Blé d'Inde

Les entourloupettes de la langue

Les beaux jours d’été, on se réunit pour déguster des douzaines d’épis sucrés et croquants lors d’épluchettes de blé d’Inde. De toute la francophonie, les Québécois sont d’ailleurs les seuls à utiliser l’expression « épluchette de blé d’Inde ». Tellement que certains croient – peut-être à tort – que cette fête estivale a été inventée ici.

« "Épluchette de blé d’Inde", c’est propre au Québec, mais il y a un équivalent. L’activité existe ailleurs, mais elle s’appelle autrement », explique Danielle Turcotte, directrice linguistique de l’Office québécois de la langue française (OQLF).

En France, par exemple, l’activité d’éplucher les maïs a porté divers noms au fil du temps comme « dépailloutage », « ébouraison », « débourrage », « échenillage » ou encore « espérouquère ». Une espérouquère de blé d’Inde ? Rassurez-vous ! Même en France, le mot est devenu archaïque.

Aujourd’hui, c’est le mot « effeuillage » qui est le plus souvent utilisé par nos cousins français.

« Blé d’Inde » est aussi un exemple de mot couramment utilisé ici alors qu’il est considéré comme ancien sur l’autre continent.

Cette expression est née en Amérique, plus précisément aux Antilles, lorsque Christophe Colomb y a débarqué pour la première fois. Le navigateur était convaincu d’arriver en Inde et il avait alors nommé le maïs, qui était abondamment cultivé par les Amérindiens, le blé d’Inde. 

Deux-cents ans plus tard et en quête d’indépendance, les Québécois ont continué à parler de blé d’Inde, même si ce n’était plus utilisé en France, explique Mme Turcotte. « On dit que cette appellation a été perçue comme étant une façon d’assouvir notre désir d’émancipation et une façon d’affirmer notre identité. C’est ce qui fait que le mot a perduré au Québec et qu’aujourd’hui, il est toujours présent. »

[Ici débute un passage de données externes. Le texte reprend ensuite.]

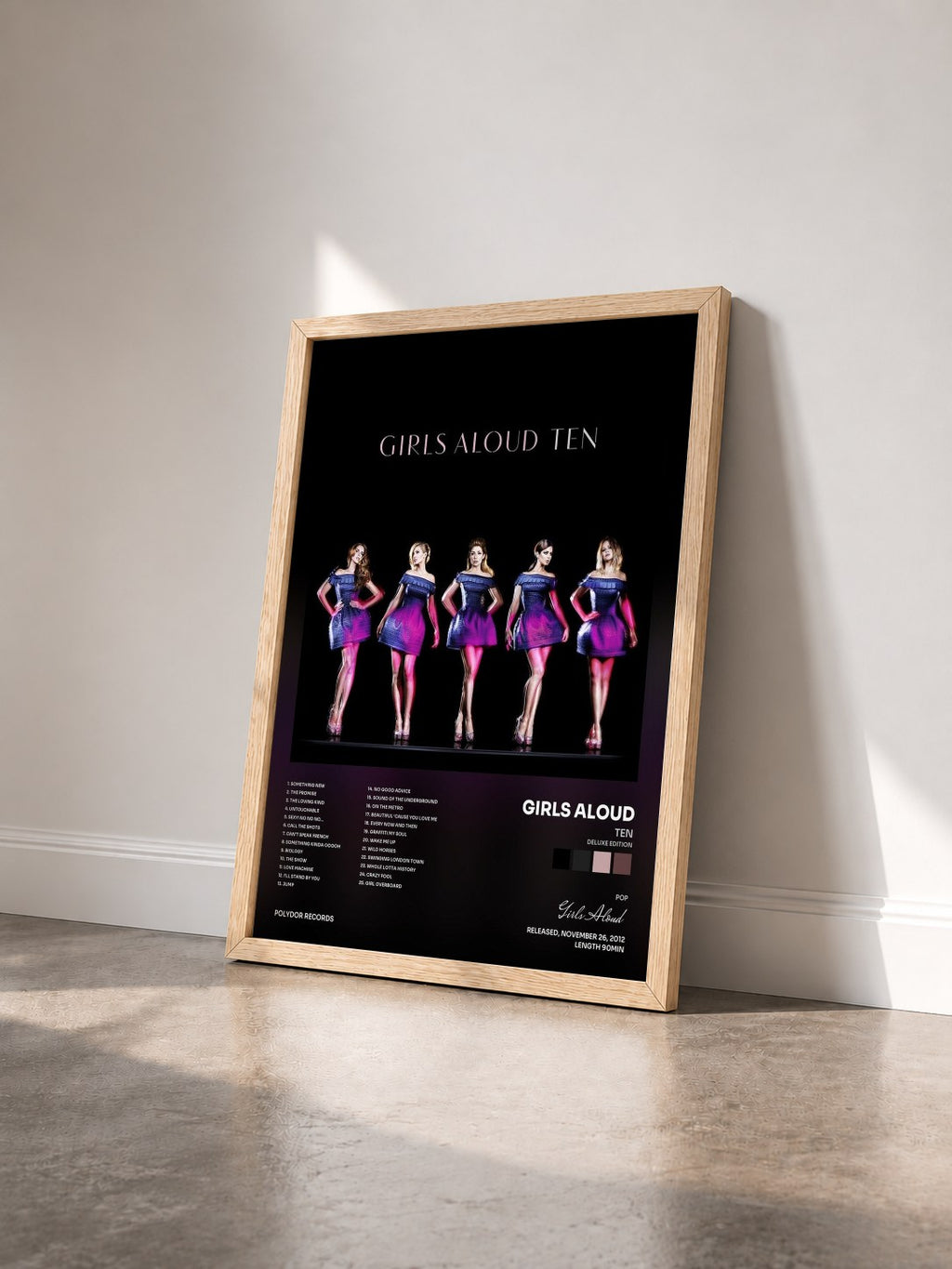 #bois Tableau de l'album Ten (Deluxe Edition) de Girls Aloud vu de trois quarts, cadre en bois brut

Et la tire Sainte-Catherine ?

La tire Sainte-Catherine est un autre exemple d’aliments qui n’a peut-être pas été inventé au Québec, au XVIIe siècle, contrairement à certaines croyances. « On a aussi longtemps pensé que c’était quelque chose qui était propre au Québec, que c’était Marguerite Bourgeoys qui, pour attirer les Indiens à l’école, avait inventé cette recette », raconte Mme Turcotte.

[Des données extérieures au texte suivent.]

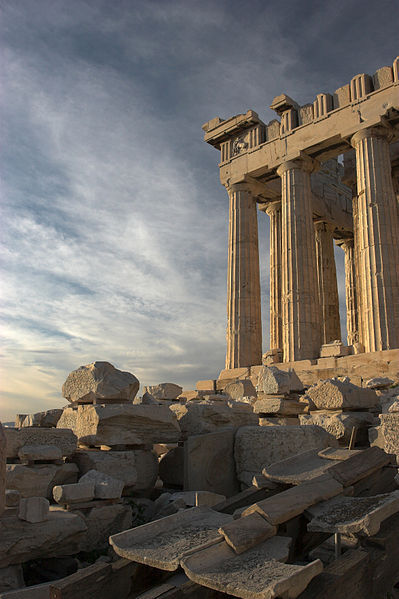 File:Parthenon from south.jpg帕提农神庙是古希腊雅典卫城中最大的一座神庙，也是世界上最著名的古建筑之一。帕提农神庙于公元前447年动工兴建，用了11年时间建成，用以取代被波斯人毁掉的一座较早的神庙。帕提农神…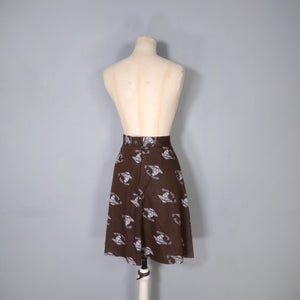 70s BROWN WHITE PONTE KNIT NOVELTY LADY PATTERN SKIRT - 25.5"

Pourtant non ! Aux États-Unis, la préparation de taffy, des bonbons à la mélasse, devenait une fête durant laquelle les jeunes célibataires avaient l’occasion de se rencontrer. C’est seulement plus tard que des célébrations semblables ont eu lieu au Québec.

« Ce qu’on peut tirer de ça, c’est que l’histoire appartient à ceux qui l’écrivent », raconte Mme Turcotte.

Saviez-vous que… ?

• Dans les médias, l’appellation blé d’Inde a tendance à perdre un peu de terrain devant son concurrent maïs. En revanche, pour l’expression épluchette de…, c’est au contraire blé d’Inde qui demeure, et de loin, le plus utilisé, selon l’OQLF.

• Le blé d’Inde a été l’un des premiers termes canadiens (voire québécois) à faire son entrée dans les dictionnaires de France.

• Dans un passé pas si lointain, un épi de maïs rouge était dissimulé parmi les jaunes lors des épluchettes de blé d’Inde. La personne qui déballait le maïs rouge était proclamée le roi ou la reine de l’épluchette et obtenait le droit de recevoir un baiser de la personne de son choix.